Ultra Packet Core CUPS User Plane Administration Guide, Release 21.28
Bias-Free Language
The documentation set for this product strives to use bias-free language. For the purposes of this documentation set, bias-free is defined as language that does not imply discrimination based on age, disability, gender, racial identity, ethnic identity, sexual orientation, socioeconomic status, and intersectionality. Exceptions may be present in the documentation due to language that is hardcoded in the user interfaces of the product software, language used based on RFP documentation, or language that is used by a referenced third-party product. Learn more about how Cisco is using Inclusive Language.
Revision history details are not provided for features introduced before release 21.24.
Revision Details
Release
First introduced
Pre 21.24
Feature Description
The 1:1 User Plane Redundancy for 4G CUPS feature supports the detection of a failed User Plane (UP) and handles seamlessly
the functions of the failed UP. Each of the Active UPs has a dedicated Standby UP. The 1:1 UP redundancy architecture is based
on the UP to UP Interchassis Session Recovery (ICSR) connection.
How it Works
This section briefly describes how 1:1 User Plane Redundancy for 4G CUPS feature works.
The 4G CUPS deployment leverages the ICSR framework infrastructure for checkpointing and switchover of the UP node as shown
in the following figure. The Active UP communicates to its dedicated Standby UP via the Service Redundancy Protocol (SRP)
link that is provisioned between the UPs.
The Control Plane (CP) node does not have the Standby UP information that is available in the UP group configuration. Therefore,
the CP is not aware of the UP redundancy configuration and the switchover event among the UPs.
The Active UP communicates to the CP via the Sx interface address configured in the UP. The Standby UP takes over the same
Sx interface address when it transitions to the Active during the switchover event. This implies that the Sx interface is
SRP activated and is in line with the existing configuration method, therefore UP switchover is transparent to the CP.
Synchronization of PFD Configuration
The CP node pushes the UP configuration via the Packet Flow Description (PFD) messages. The CP sends the PFD configuration
from the Active UP to the Standby UP because the Sx IP address of the UP is SRP-activated over the Active UP and Standy UP.
The SRP VPN Manager provides the transport between UPs and the Session Controller in the Active UP anchors the configuration
push. The following illustration lists the sequence of events.
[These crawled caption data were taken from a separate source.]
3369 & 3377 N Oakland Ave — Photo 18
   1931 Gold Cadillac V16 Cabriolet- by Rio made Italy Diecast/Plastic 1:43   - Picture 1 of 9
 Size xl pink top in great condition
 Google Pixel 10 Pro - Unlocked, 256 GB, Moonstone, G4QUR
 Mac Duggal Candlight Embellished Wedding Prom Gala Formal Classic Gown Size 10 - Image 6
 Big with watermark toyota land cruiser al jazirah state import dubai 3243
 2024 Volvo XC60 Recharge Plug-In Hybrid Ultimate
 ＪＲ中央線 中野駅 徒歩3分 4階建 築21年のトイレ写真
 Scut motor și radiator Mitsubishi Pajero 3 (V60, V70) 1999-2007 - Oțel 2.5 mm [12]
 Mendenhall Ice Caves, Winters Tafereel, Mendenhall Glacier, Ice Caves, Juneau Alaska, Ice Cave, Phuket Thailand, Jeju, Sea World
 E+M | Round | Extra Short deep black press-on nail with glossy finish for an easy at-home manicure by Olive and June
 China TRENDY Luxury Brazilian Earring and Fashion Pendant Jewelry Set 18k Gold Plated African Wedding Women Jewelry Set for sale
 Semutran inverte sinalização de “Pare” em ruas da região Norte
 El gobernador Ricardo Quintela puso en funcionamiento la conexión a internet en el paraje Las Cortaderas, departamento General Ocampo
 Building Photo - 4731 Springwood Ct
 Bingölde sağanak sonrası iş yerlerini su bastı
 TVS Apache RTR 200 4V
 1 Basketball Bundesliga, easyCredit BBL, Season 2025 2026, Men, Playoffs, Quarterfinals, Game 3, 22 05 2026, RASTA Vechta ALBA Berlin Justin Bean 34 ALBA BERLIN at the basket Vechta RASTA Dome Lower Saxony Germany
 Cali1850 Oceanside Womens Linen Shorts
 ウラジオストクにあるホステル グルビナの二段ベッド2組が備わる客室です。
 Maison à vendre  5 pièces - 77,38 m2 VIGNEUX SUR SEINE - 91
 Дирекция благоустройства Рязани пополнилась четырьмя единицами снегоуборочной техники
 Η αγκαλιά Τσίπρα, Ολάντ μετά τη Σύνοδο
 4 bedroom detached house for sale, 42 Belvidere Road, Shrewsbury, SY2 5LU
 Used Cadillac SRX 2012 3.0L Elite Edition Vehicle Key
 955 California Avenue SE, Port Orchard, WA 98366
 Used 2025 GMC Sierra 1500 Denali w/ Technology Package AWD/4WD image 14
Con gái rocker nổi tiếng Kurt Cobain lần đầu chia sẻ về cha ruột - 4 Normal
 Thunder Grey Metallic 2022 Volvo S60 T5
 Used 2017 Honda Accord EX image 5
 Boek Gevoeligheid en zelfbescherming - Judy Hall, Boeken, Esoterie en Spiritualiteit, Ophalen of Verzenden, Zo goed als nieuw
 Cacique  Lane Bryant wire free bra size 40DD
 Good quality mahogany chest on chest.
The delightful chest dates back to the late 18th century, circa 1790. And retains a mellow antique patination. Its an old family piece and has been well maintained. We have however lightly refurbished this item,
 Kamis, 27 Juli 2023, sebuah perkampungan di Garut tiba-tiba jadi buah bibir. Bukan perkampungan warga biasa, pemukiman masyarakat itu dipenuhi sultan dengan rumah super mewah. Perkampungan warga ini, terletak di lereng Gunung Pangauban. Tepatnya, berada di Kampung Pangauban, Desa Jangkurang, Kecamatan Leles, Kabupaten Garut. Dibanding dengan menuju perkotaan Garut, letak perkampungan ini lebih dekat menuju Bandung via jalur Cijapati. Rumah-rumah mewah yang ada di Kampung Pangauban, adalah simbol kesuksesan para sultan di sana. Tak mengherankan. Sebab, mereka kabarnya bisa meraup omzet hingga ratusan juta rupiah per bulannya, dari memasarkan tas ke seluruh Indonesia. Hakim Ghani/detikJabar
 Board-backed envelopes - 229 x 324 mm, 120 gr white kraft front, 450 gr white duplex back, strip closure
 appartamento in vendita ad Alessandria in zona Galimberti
BFD Monitor Between Active UP and Standby UP
The BFD monitors the SRP link between the Active UP and Standby UP for a fast failure detection and switchover. When the Standby
UP detects a BFD failure in this link, it takes over as the Active UP.
The BFD link can be single-hop or multi-hop.
Note
The recommendation is that the SRP bind interface must be an Ethernet interface that attaches to the card service Port. In
a loopback address, the recommendation is to ensure that the BFD control packets traverse only though one service port. If
it is the ECMP, ensure that the route convergence time does not exceed the BFD timeout.
To configure the BFD monitor, between the Active UP and Standby UP, see "Configuring BFD Monitoring Between Active UP and
Standby UP."
config
context one
interface one
ip address 209.165.200.228 255.255.255.224
#exit
interface two
ip address 209.165.200.226 255.255.255.224
#exit
#exit
end
Sample Configuration for Single Hop BFD Monitoring
The SRP VPP monitor initiates a switchover to Standby UP when the VPP subsystem fails.
Note
The VPP monitor is available only on the VPC-SI instance UP. It is not available in the hybrid CUPS ASR 5500 UP because the
card level redundancy handles the VPP failure on the ASR 5500. If VPP causes multiple card failures, then SRP card monitor
must be used.
To configure the VPP monitor, see "Configuring VPP Monitor on Active UP and Standby UP."
Sx Association Checkpoint
Whenever an Active UP initiates a Sx association to the configured CP node, the Standby UP checkpoints this data. This maintains
the association information even after the UP switchover.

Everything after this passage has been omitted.